Can be used to implement mutual exclusion:

int sem;

sem = semcreate(1);

BeginRegion()
{
    wait(sem);
}

EndRegion()
{
    signal(sem);
}

Example with Fix

int psem, csem; /* semaphores */
int n = 0;
main()
{
    int producer(), consumer();
    csem = semcreate(0);
    psem = semcreate(1);
    CreateProcess(producer);
    CreateProcess(consumer);
    // wait until done
}        
producer()
{
    int i;
    for (i=0; i<2000; i++) {
        wait(psem);
        n++;  // increment n by 1 
        signal(csem);
    }
}       
consumer()
{
    int i;
    for (i=0; i<2000; i++) {
        wait(csem);
        cout << "n is " << n << '\n';   // print value of n
        signal(psem);
    }
}

Now consumer prints all values of n (1-2000).

Points to note:

• Why not a single semaphore like mutual exclusion? Because we need to synchronize the two processes!!
• If consumer() starts executing first, it will block, because the count of semaphore csem will be -1.
• If producer() starts executing first, it will increment the value, but then block when it issues wait on psem a second time.
• When consumer() signals psem, its count will go to zero, and the suspended process producer() will be moved to the ready list.

Advantages of semaphores:

• Processes do not busy wait while waiting for resources.

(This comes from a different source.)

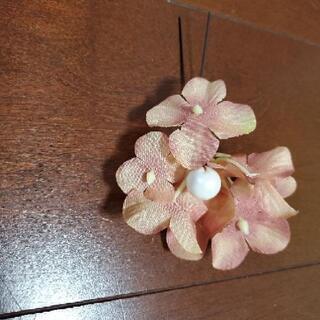 値下げ❗アジサイの髪飾りの画像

While waiting, they are in a ``suspended'' state, allowing the CPU to perform other chores.
• Works on (shared memory) multiprocessor systems.
• User controls synchronization.

Disadvantages of semaphores:

1. can only be invoked by processes--not interrupt service routines because interrupt routines cannot block
2. user controls synchronization--could mess up.

UNIX version (with our routines)

// prodcons.C
#include <iostream.h>
#include <unistd.h>
#include "sem.h"

int CreateProcess(void (*)());        /* func. prototype */

int psem, csem; /* semaphores */
int *pn;
main()
{
    void producer(), consumer();

    pn = (int *)shmcreate(sizeof(int));
    *pn = 0;
    csem = semcreate(0);
    psem = semcreate(1);
    CreateProcess(producer);
    consumer();             // let parent be the consumer
    semdelete(csem);
    semdelete(psem);
    shmdelete((char *)pn);
}
void producer()
{
    int i;
    for (i=0; i<5; i++) {
        semwait(psem);
        (*pn)++;  // increment n by 1 
        semsignal(csem);
    }
}       
void consumer()
{
    int i;
    for (i=0; i<5; i++) {
        semwait(csem);
        cout << "n is " << *pn << '\n';   // print value of n
        semsignal(psem);
    }
}

int CreateProcess(void (*pFunc)())
{
    int pid;

    if ((pid = fork()) == 0) {
        (*pFunc)();
        exit(0);
    }
    return(pid);
}

More on Semaphores

How does the Operating System implement semaphores? Like the process table, it disables interrupts (or uses spin lock on multiprocessor) when manipulating the semaphore table.

Look at Fig. 2-24 in text. Why the mutex semaphore? Because there could be multiple producers and consumers and the buffer size is greater than one.

Summarizing Semaphores

What are the number of semaphores and the initial counts for each of the following situations:

1. mutex for two processes: one semaphore with init count of 1
2. mutex for three processes: same
3. one producer/one consumer, single shared value: two sems, count of 0 and 1
4. one producer/one consumer, n shared values: two sems, count of 0 and n
5. two producers/two consumers, single shared value: two sems, count of 0 and 1
6. two producers/two consumers, n shared values: three sems, count of 0, n and 1 (for mutex).